* Exercise instructions *
Exactly the lines from the beginning of the records below through the line with "Here's what we" must be given again, without pictures.

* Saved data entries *

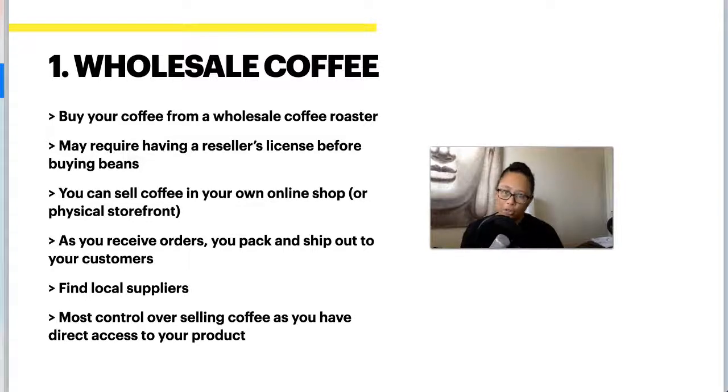Number one is wholesale coffee. This is when you buy your coffee from a wholesale coffee roaster — you buy the beans in bulk, which may require having a reseller's license before you can begin. Once you have the ability to buy that coffee, you can sell it in your own online shop or physical storefront. As you receive orders, you pack and ship the product to your customers. It helps to find a local supplier for the freshest coffee, and a nice thing about wholesale is that you have the most control of this business model.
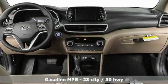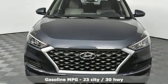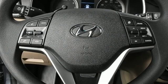It comes with great features you love: streaming audio, power heated mirrors, front heated bucket seats, doors, and push button start proximity key.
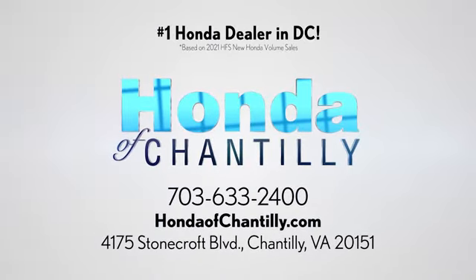Honda of Chantilly. We're conveniently located just south of Dulles Airport at 4175 Stonecroft Boulevard in Chantilly.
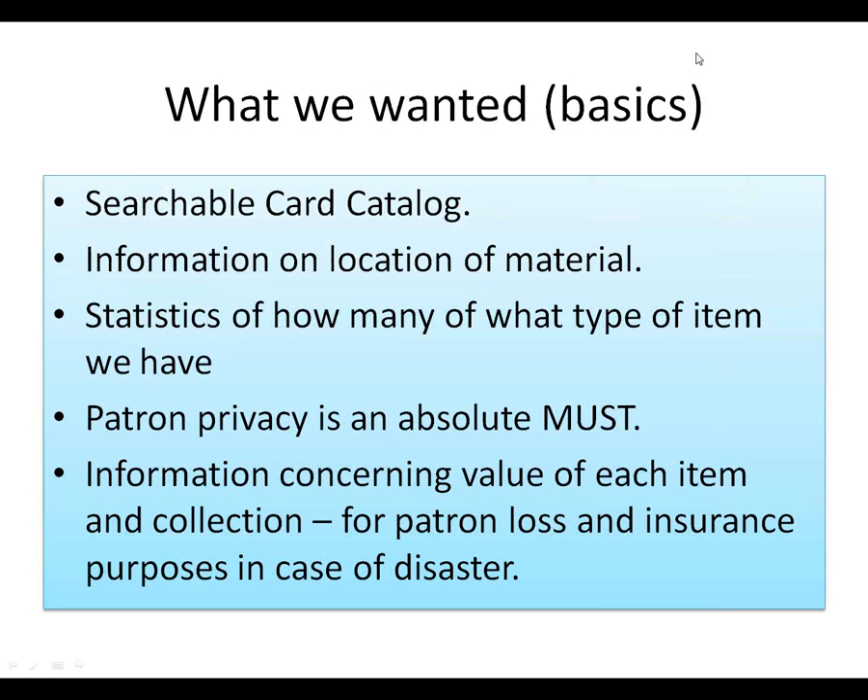Here's what we wanted — very basic. We wanted a searchable card catalog so if somebody comes in and asks, 'Do you have any books by so-and-so?' I can say, 'Yes, we have this many books and this is where they are.' Information on the location of material. Statistics of how many and what type of item we have for collection development. Patron privacy is an absolute must — I fully support all of the ALA's things on freedom to read and freedom to not be harassed for what you're reading. And more information concerning the value of each item in the collection.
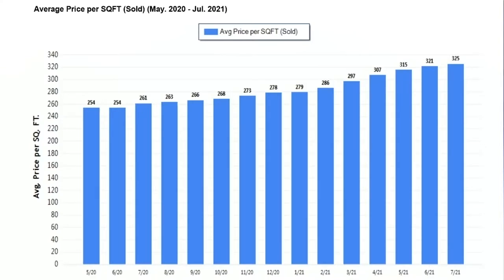This next chart is the average price per square foot. You can see the homes are now going for, on average, $325 per square foot, which is still a good increase in appreciation. We are not seeing the 20 to 35% appreciation that we've seen in previous months, which is absolutely just not sustainable. But we are seeing a sustainable 4 to 5% appreciation, which is healthy.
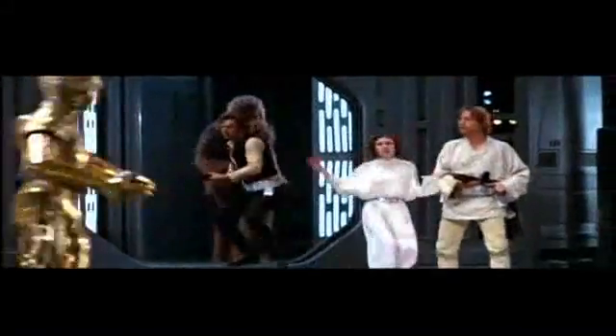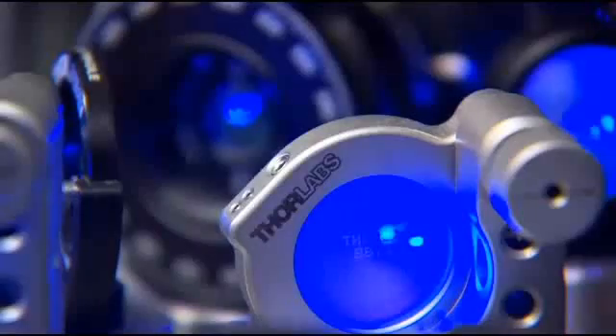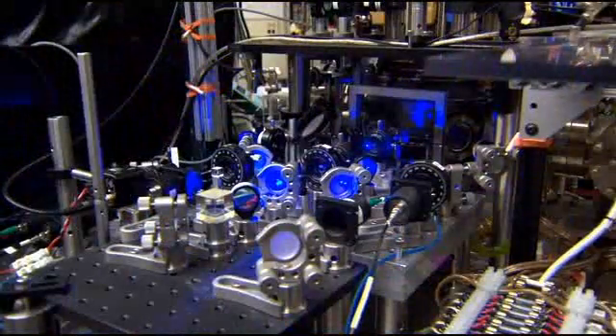The professor is a Star Wars fan. The first Star Wars movie came out when I was, I don't know, 10 or so. I did watch it and I was fascinated. You've been able to create a new form of matter. Yes, we have been able to create molecules of two photons, which really has not been done before.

* Answer space *
Number one is wholesale coffee. This is when you buy your coffee from a wholesale coffee roaster — you buy the beans in bulk, which may require having a reseller's license before you can begin. Once you have the ability to buy that coffee, you can sell it in your own online shop or physical storefront. As you receive orders, you pack and ship the product to your customers. It helps to find a local supplier for the freshest coffee, and a nice thing about wholesale is that you have the most control of this business model.
It comes with great features you love: streaming audio, power heated mirrors, front heated bucket seats, doors, and push button start proximity key.
Honda of Chantilly. We're conveniently located just south of Dulles Airport at 4175 Stonecroft Boulevard in Chantilly.
Here's what we wanted — very basic. We wanted a searchable card catalog so if somebody comes in and asks, 'Do you have any books by so-and-so?' I can say, 'Yes, we have this many books and this is where they are.' Information on the location of material. Statistics of how many and what type of item we have for collection development. Patron privacy is an absolute must — I fully support all of the ALA's things on freedom to read and freedom to not be harassed for what you're reading. And more information concerning the value of each item in the collection.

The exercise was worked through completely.